Nir Eyal recently wrote an article on LinkedIn where he alludes to this as he discusses if Clubhouse the drop-in audio chat app will become a habit or a Has-Been in his exploration of Variable Rewards. Variable rewards are the rocket fuel that power engagement. So, at first when you got your job, you hit a positive high which slowly dropped to baseline as you got used to the demands of the job, your colleagues and the perks (variable reward). Overtime, this baseline dropped as the variable rewards got predictable leading to routine, your basic needs changed, but your job didn’t, you grew in mastery(knowledge/skill), but your job specifications didn’t get the memo, so, you’ve become bored, and it could also be that you feel a lack of voice and autonomy.


Creating Happiness At Work

First, do a self check in using the Happiness Framework – Basic Needs, Autonomy, Mastery and Inclusion = Meaning, Purpose, Positivity and Pleasure. This check up helps you identify what is lacking.

Next, Here are things you can do before considering quitting.

  • Issue Sell – Find, Identify and Align yourself with ambassadors who will promote your cause to those with the wherewithal to effect the changes you want.

  • Framing – Study the personality, behaviour and language of those you need to effect the changes you are after. What are their priorities? What is their mindset? What are their triggers or motivators? Frame your cause to reflect this. This way you get their attention quicker and your language does the convincing for you.

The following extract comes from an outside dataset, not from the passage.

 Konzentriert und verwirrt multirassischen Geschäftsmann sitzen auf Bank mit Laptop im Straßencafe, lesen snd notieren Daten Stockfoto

  • Socialising / Networking – Find those whose skills and positions complements yours, but have more influence than you do. Remember, your network is your net worth. Your network can make or break you.

  • Job Crafting – Take intentional and proactive steps to redesign how we work, our relationships and most importantly how we think of what we do. Find a purpose (what’s your purpose) and align your job to it, so it reflects this. For example, if you’re wanting to provide more support to others, you can consider training in mental health, mentorship or volunteering as an extension of what you do.

Are you a leader wondering how to boost your peoples’ engagement and happiness at work? Start with the culture of your organisation. Are your people psychologically and physically safe? Do they have Voice? Do they have Autonomy? Do you provide Learning and Development opportunities for everyone? Do you challenge them? Do you understand your peoples’ personalities and behavioural types? Their pain points? Do you have a wellbeing strategy? These are salient questions to examine as the response gives you your answer.